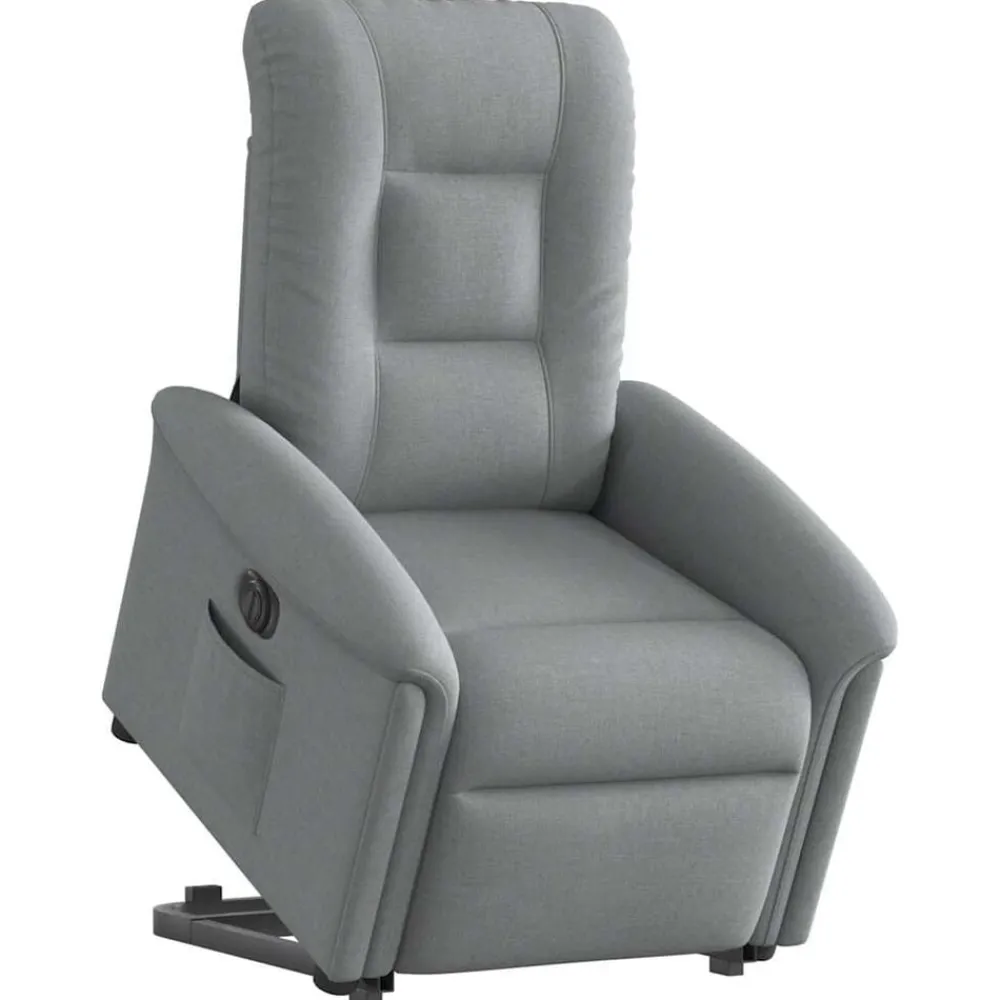 vidaXL Sillón eléctrico reclinable elevable de tela Gris claro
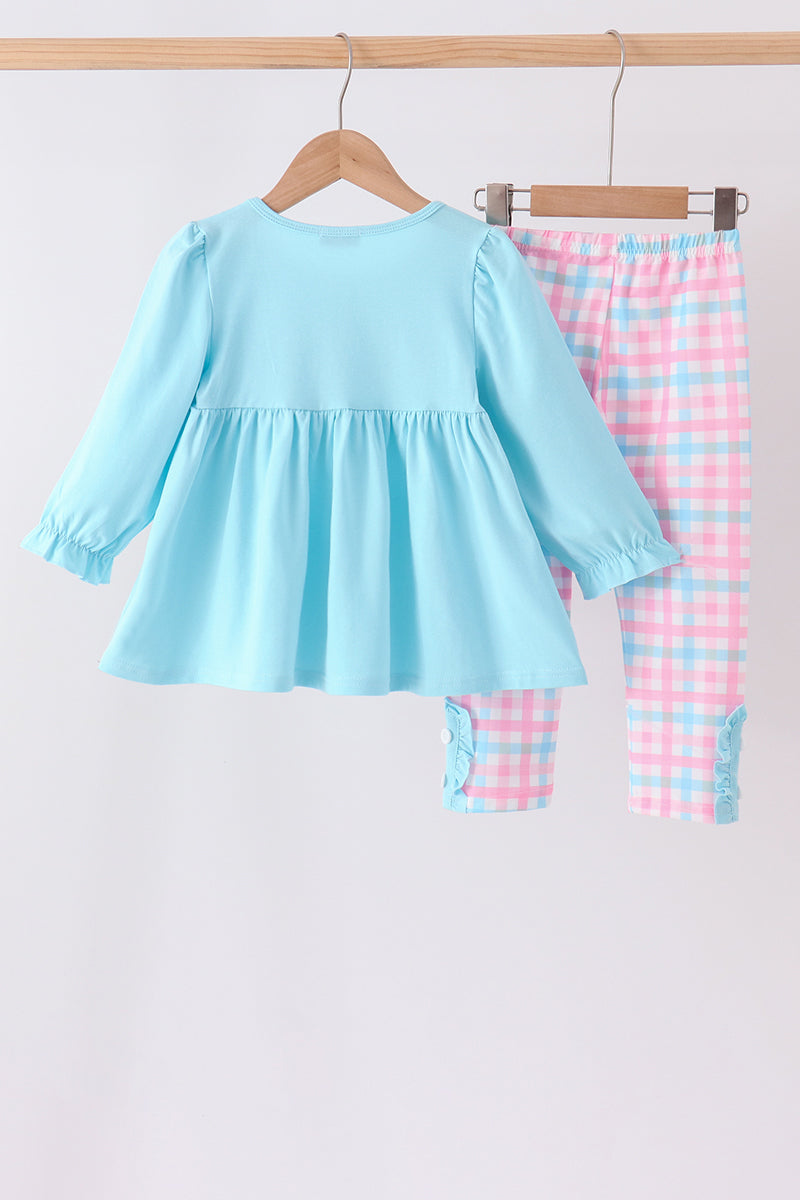 Blue bow french knot plaid pants set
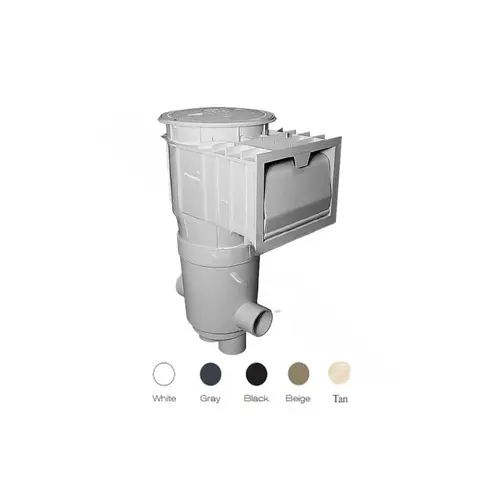 2" Socket Gray Renegade Gunite Inground Skimmer With Deep Basket Without Venturi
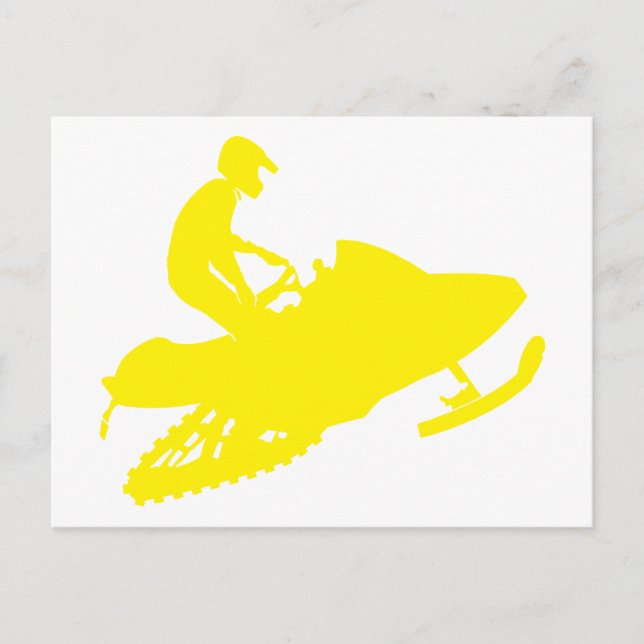 Yellow-Snowmobiler Postcard (Front)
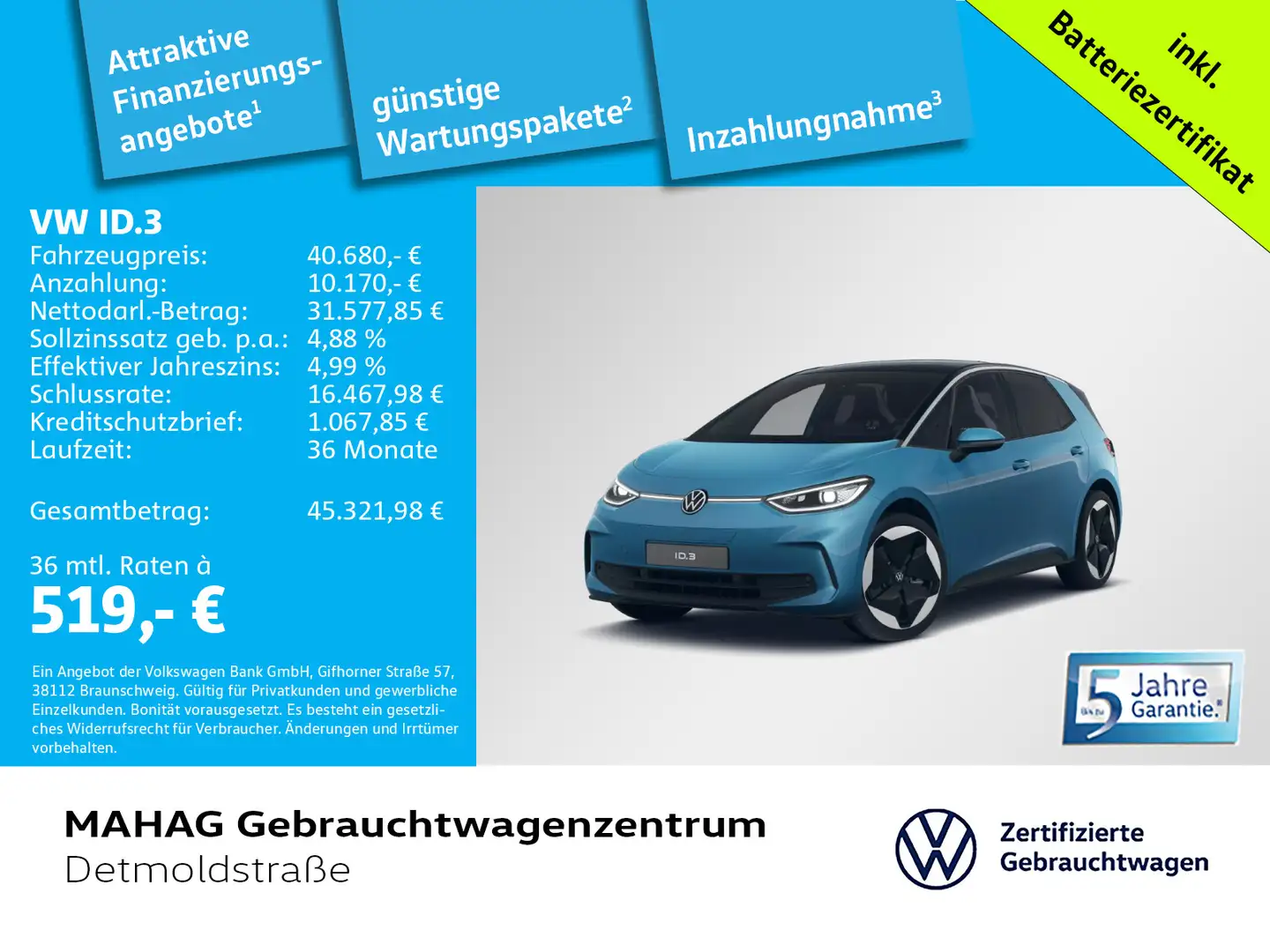 Volkswagen ID.3 Pro S 170 kW WärmePu CCS IQ.Light Navi Park Blau - 1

**TASK INSTRUCTIONS:**
Give the data above again, exactly and completely. No pictures go in.

**WRITTEN ANSWER:**
 vidaXL Sillón eléctrico reclinable elevable de tela Gris claro
 Blue bow french knot plaid pants set
 2" Socket Gray Renegade Gunite Inground Skimmer With Deep Basket Without Venturi
 Yellow-Snowmobiler Postcard (Front)
 Volkswagen ID.3 Pro S 170 kW WärmePu CCS IQ.Light Navi Park Blau - 1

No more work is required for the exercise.